*Work order*:
Exact retyping of the data: please keep every word and drop each picture.

*Information supplied*:
+-------+
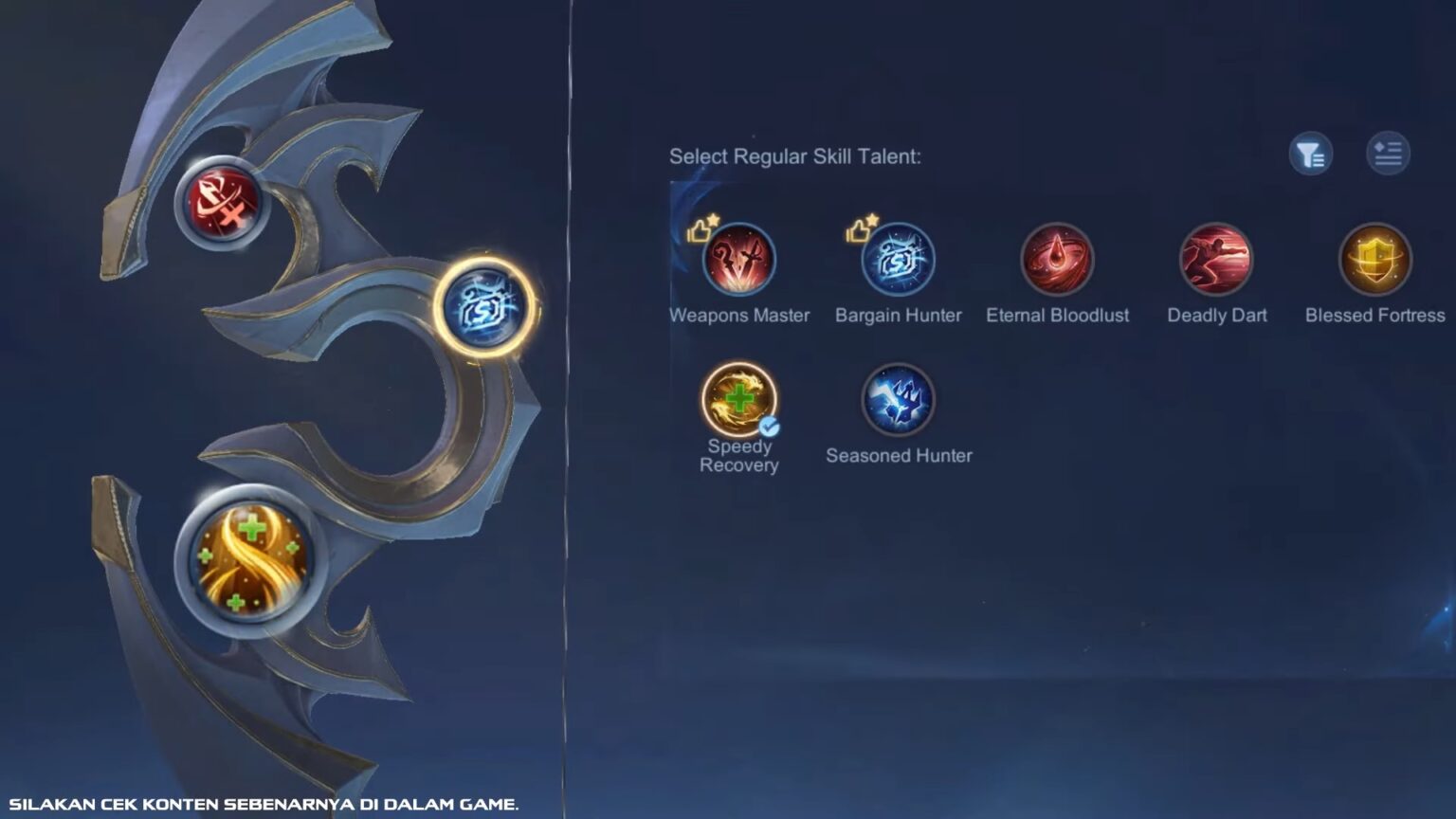 Beginilah Penjelasan Mengenai Sistem Talent Baru di Mobile Legends!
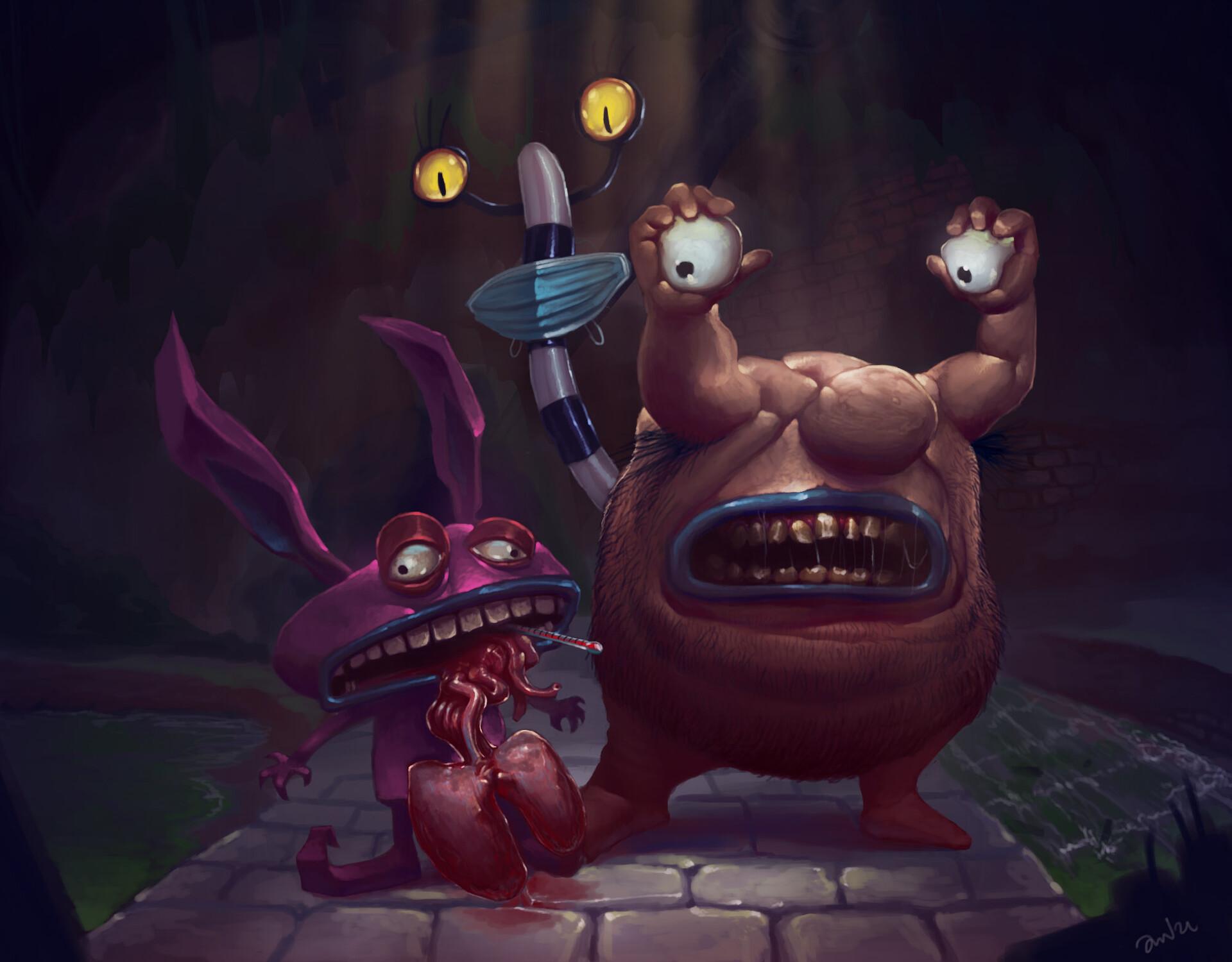 1920x1500 Aaahh!!! Real Monsters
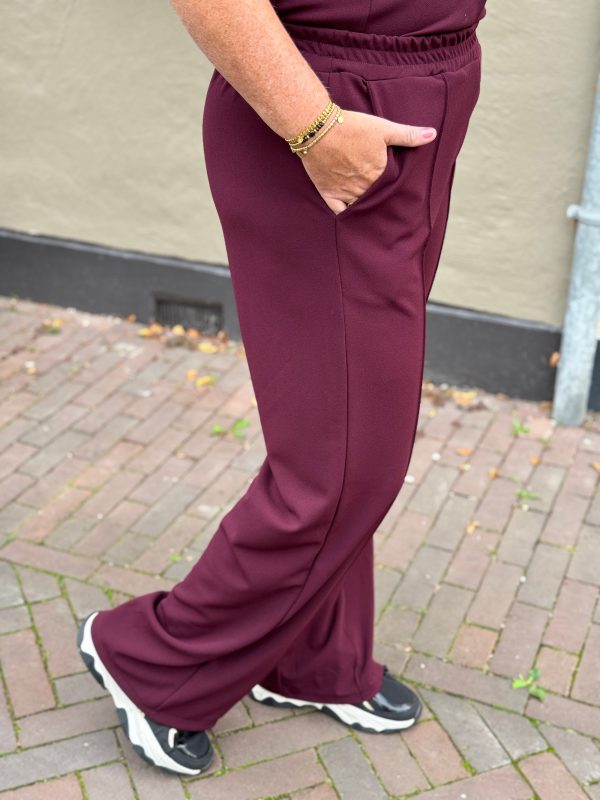 Broek Donna bordeaux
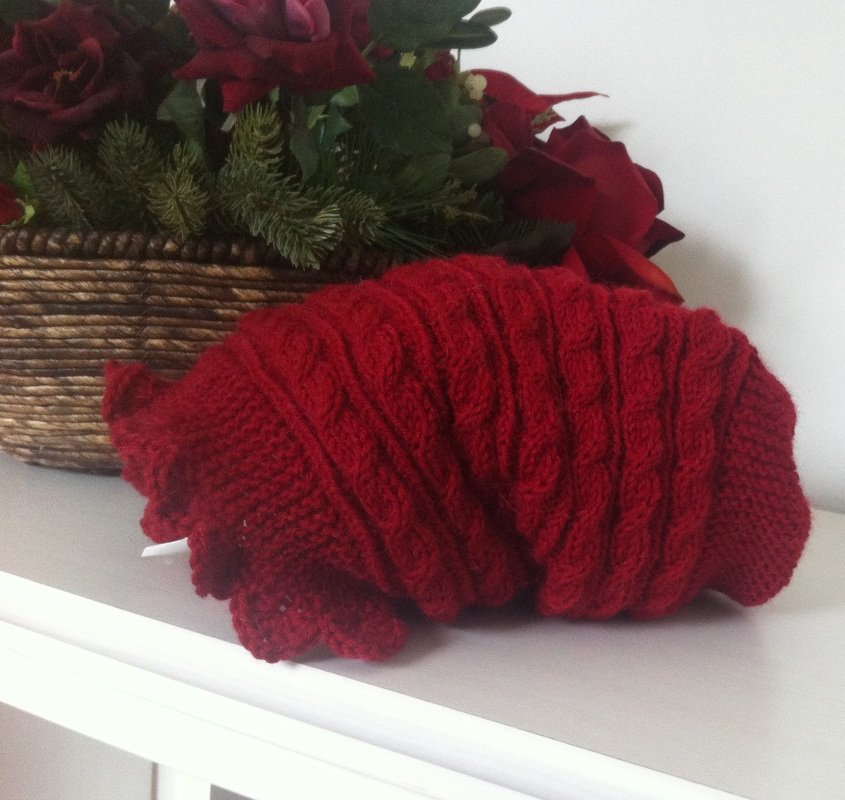 Sarah - Mütze Beanie Mädchen Zopfmuster mit Häkelkante - Strickanleitung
+-------+
*Written answer*:
 Beginilah Penjelasan Mengenai Sistem Talent Baru di Mobile Legends!
 1920x1500 Aaahh!!! Real Monsters
 Broek Donna bordeaux
 Sarah - Mütze Beanie Mädchen Zopfmuster mit Häkelkante - Strickanleitung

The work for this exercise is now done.